● **Description of the task**
Write the data below out exactly as it stands. Do not include the pictures.

● **Excerpts from a dataset**
────────────────────────────────────────
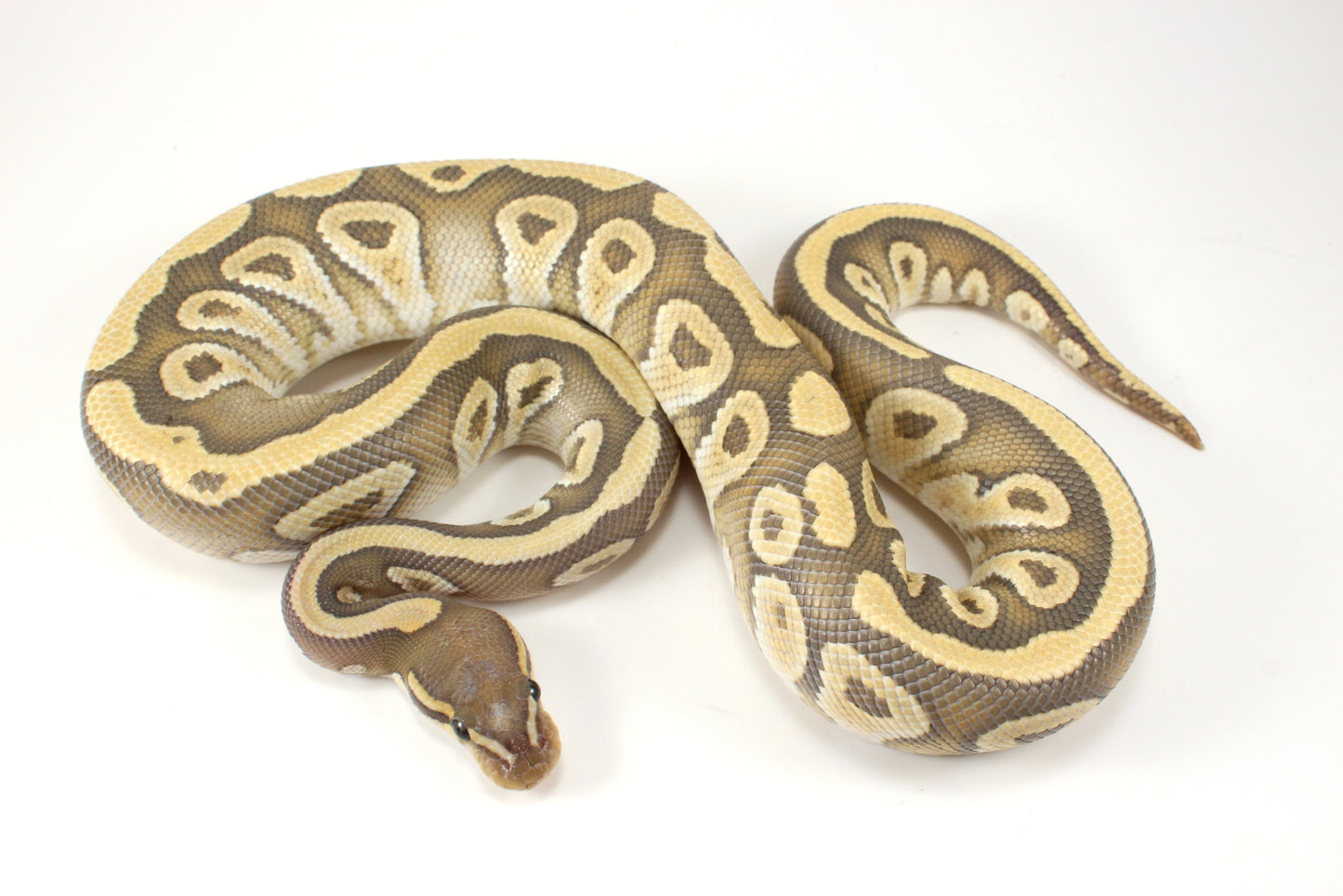 Mojave Hypo h. Clown Ball Python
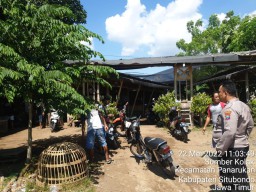 Arena Judi Sabung Ayam di Sumberkolak, Situbondo Digerebek Polisi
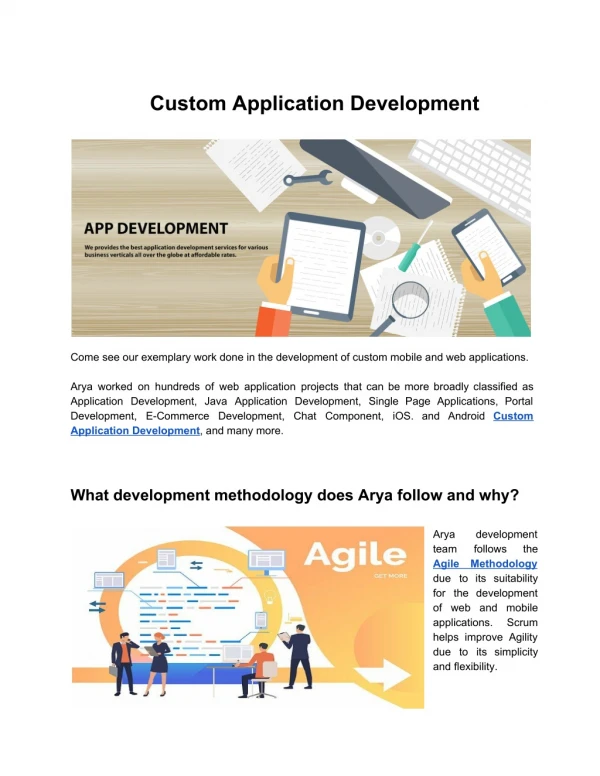 Custom Application Development Services - Arya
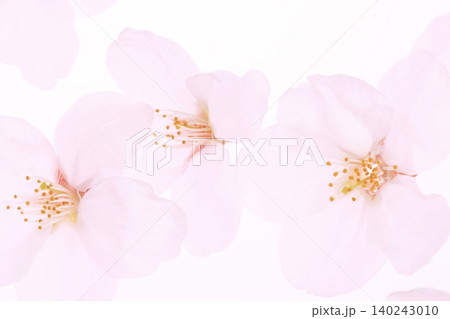白背景のソメイヨシノの桜の花と花びら 140243010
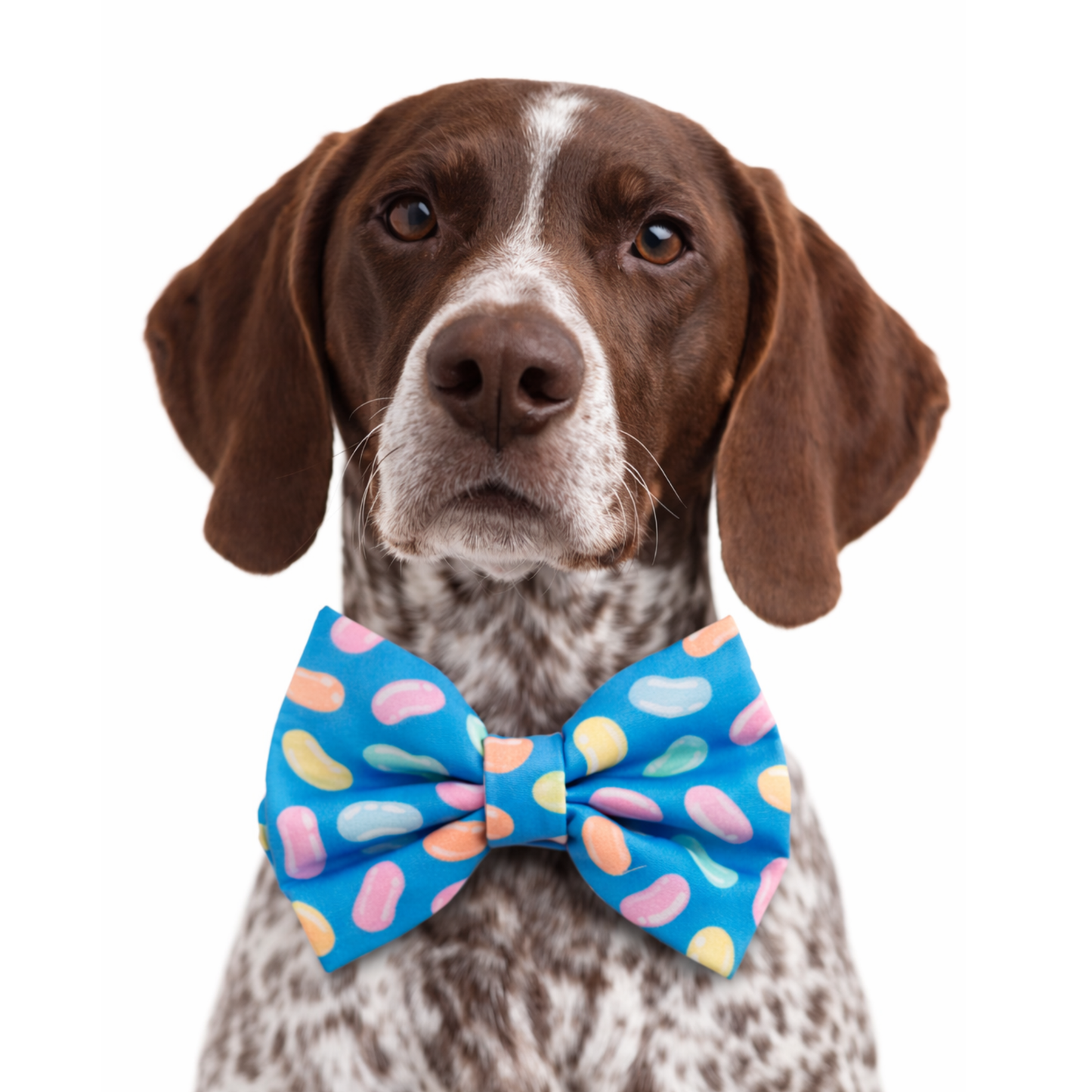 JELLYBEAN - DAPPER DEXTER DOG BOW TIE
────────────────────────────────────────
● **Task response**
 Mojave Hypo h. Clown Ball Python
 Arena Judi Sabung Ayam di Sumberkolak, Situbondo Digerebek Polisi
 Custom Application Development Services - Arya
白背景のソメイヨシノの桜の花と花びら 140243010
 JELLYBEAN - DAPPER DEXTER DOG BOW TIE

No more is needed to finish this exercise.